# mass airflow sensor



## rusty (Oct 29, 2004)

Greetings all,

New member, found your forum today. Did a quick search but didn’t find the exact question. Sorry if it is a repeat.

Have a 97 SE, 92,000 miles never a major problem. Always run quality 92/3 octane and synthetic 10w30. Am an ex-mechanic from way back and a major do-it-yourselfer. Rarely does anyone but me work on my cars outside of exhaust and tires. 

Changed the starter last week. It was definitely shot. Put on an Autozone rebuilt unit and it worked perfectly. Changed air filter while I was in there. Upon starting, service engine light was on. Rechecked everything and found I left the very bottom sensor on the air intake unplugged. Figured that must be it. Plugged it back in, light still on. Back to Autozone for code check.
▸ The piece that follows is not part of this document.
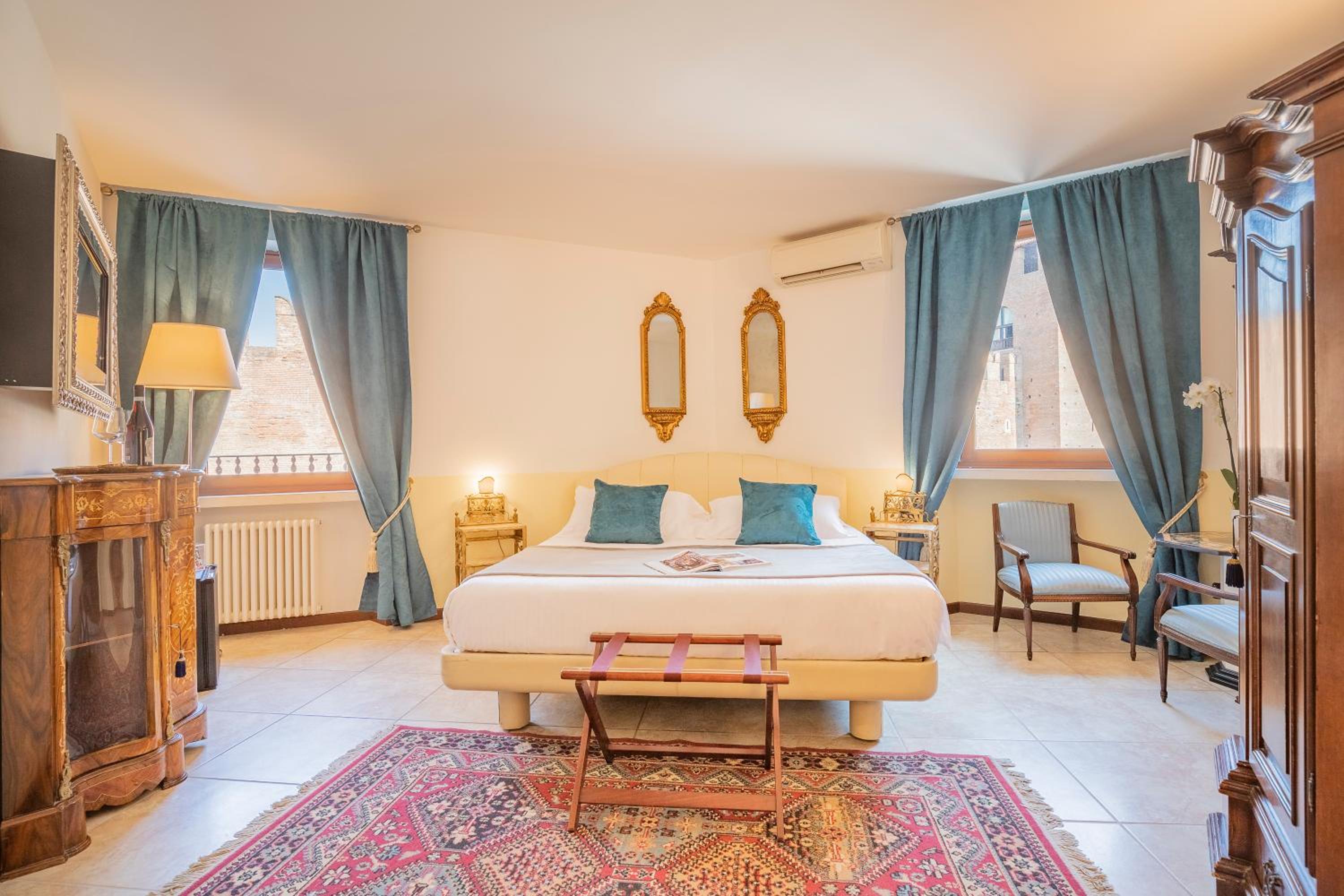 Grand Deluxe King Room with Castle View - Photo 1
They said possible vacuum leak or mass airflow sensor. Took to dealer to verify. They said $600+ for new mass airflow sensor! Light came on once before and dealer changed charcoal canister and vent control valve. BTW, the car runs beautifully

Question is did I trip the light by starting the car w/that sensor unplugged? Do I really need a new flow sensor? How about unplugging that dang light? Do we really need it tripping on for every little thing?
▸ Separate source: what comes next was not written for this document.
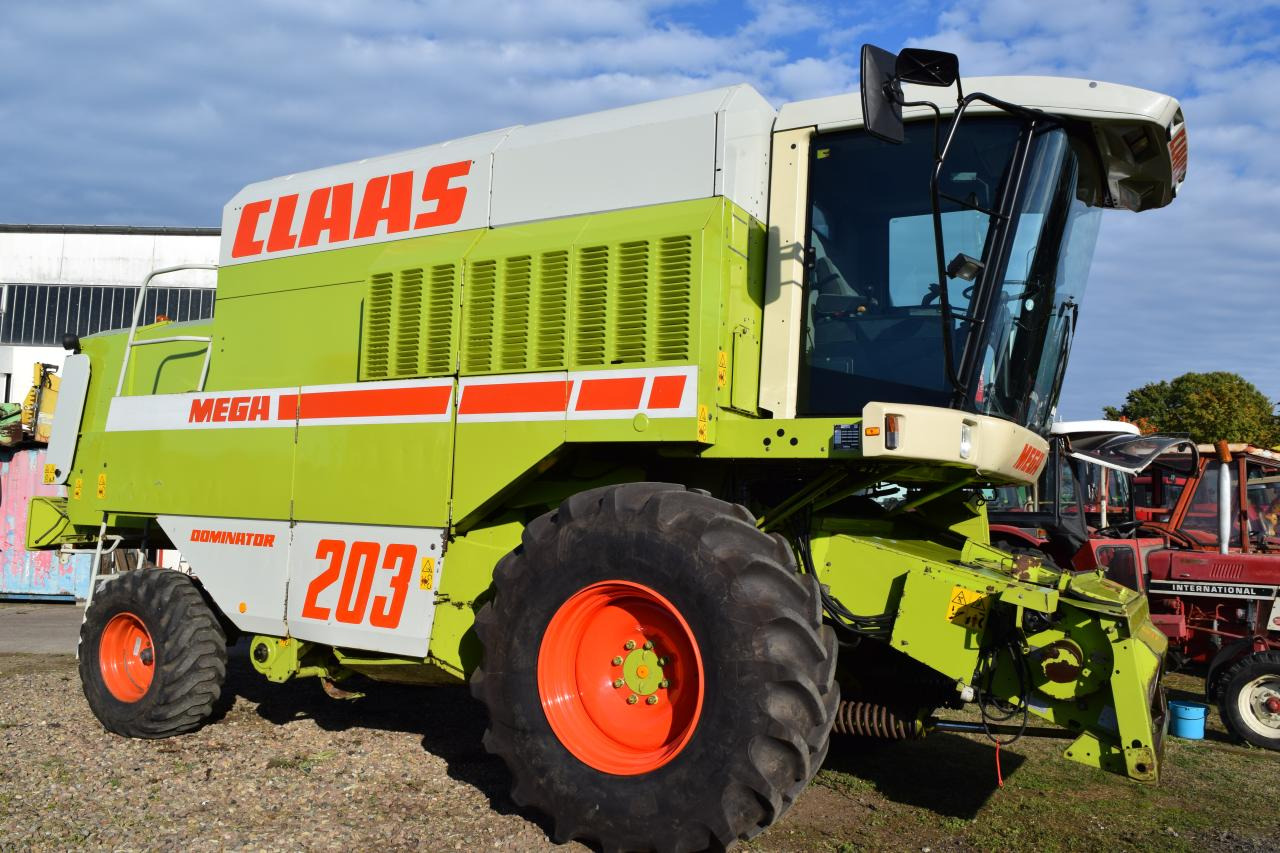 CLAAS Dominator 203 Mega - Moissonneuse-batteuse: photos 1 CLAAS Dominator 203 Mega - Moissonneuse-batteuse: photos 1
Thanks in advance for any replies.

edit: I did search some more and found how to reset the light. At least the car is running good and I now know how to reset the light. 

I still would like some feedback on the mass airflow sensor and if in fact mine is really bad.


----------



## Vsamoylov (Oct 28, 2004)

i have 1 for sale from a 96 max. check the dealer if it will work on 97 though. i let it go for $125 shipped though if it will work on your car.


----------